# Cat treats?



## bearz (Dec 5, 2010)

Hi! Does anyone have a general ingredient list for cat treats that are okay for hedgies to eat? I recently bought this but now I'm scared to feed it to Fievel because of all the Meow Mix hate on this bored :lol:


----------



## Christemo (Oct 5, 2011)

I wouldn't feed any cat treats because they're full of crap. Stick with the list of fresh foods to feed... it's much healthier for them.


----------



## Lilysmommy (Jan 7, 2009)

Not all cat treats are crap. There's not as many good, healthy ones as there are for dogs, but they're not something that's completely forbidden. The treats you linked aren't really a good kind, Meow Mix in general is a pretty crappy food (for cats as well as hedgehogs).

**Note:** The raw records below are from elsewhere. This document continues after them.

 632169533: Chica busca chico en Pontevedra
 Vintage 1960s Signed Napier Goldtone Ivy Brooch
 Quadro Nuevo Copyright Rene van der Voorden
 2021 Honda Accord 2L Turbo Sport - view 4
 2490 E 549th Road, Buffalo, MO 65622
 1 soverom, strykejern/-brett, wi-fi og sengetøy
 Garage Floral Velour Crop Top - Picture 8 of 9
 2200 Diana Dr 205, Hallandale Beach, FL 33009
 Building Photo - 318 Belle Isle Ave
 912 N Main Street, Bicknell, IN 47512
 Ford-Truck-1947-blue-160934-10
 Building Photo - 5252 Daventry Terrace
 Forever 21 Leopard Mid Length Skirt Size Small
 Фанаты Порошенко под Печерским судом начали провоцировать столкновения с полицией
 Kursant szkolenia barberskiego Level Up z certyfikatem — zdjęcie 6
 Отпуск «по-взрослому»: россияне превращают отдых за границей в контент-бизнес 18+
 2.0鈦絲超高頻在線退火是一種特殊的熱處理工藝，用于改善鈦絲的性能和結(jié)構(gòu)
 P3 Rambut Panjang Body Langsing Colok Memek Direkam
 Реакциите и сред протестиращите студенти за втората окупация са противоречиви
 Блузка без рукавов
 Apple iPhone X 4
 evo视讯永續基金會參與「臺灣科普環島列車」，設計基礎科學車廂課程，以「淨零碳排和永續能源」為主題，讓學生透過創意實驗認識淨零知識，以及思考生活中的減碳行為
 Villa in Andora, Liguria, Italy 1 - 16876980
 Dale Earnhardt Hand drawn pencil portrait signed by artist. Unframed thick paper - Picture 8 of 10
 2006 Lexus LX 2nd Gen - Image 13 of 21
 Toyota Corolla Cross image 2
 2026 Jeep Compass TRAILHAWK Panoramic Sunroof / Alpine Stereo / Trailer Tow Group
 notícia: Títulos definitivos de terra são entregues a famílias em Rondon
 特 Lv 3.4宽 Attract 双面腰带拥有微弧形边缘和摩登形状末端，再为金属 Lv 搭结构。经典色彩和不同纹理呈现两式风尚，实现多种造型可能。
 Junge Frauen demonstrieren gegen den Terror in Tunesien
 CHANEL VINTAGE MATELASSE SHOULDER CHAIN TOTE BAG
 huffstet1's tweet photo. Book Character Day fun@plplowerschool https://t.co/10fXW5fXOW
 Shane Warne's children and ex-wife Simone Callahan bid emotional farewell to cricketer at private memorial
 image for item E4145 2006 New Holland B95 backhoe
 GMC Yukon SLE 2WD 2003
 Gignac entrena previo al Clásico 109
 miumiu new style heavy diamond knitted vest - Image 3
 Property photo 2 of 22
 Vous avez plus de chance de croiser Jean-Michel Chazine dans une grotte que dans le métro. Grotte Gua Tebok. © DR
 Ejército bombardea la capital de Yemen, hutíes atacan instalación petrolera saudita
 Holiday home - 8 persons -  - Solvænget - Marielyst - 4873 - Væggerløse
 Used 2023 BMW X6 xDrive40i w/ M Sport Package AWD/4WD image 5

Here's a topic I made with some treats that I've tried with Lily - viewtopic.php?f=6&t=11931&start=0&st=0&sk=t&sd=a&hilit=natural+balance#p103167 There's also Wellness Healthy Indulgence, which is wet food that is meat chunks in gravy. Lily absolutely loves them. http://www.petsmart.com/product/index.j ... Id=4390190

That said, fresh foods are preferred, but these treats would be nice for variety, or if you're caught empty-handed one night on fresh treats and want something to offer for treats. I found that most of the ones in that topic were good for hiding around Lily's cage and encouraging her to explore around her toys more. I also did that with frozen (and then thawed) crickets, and she loved that.


----------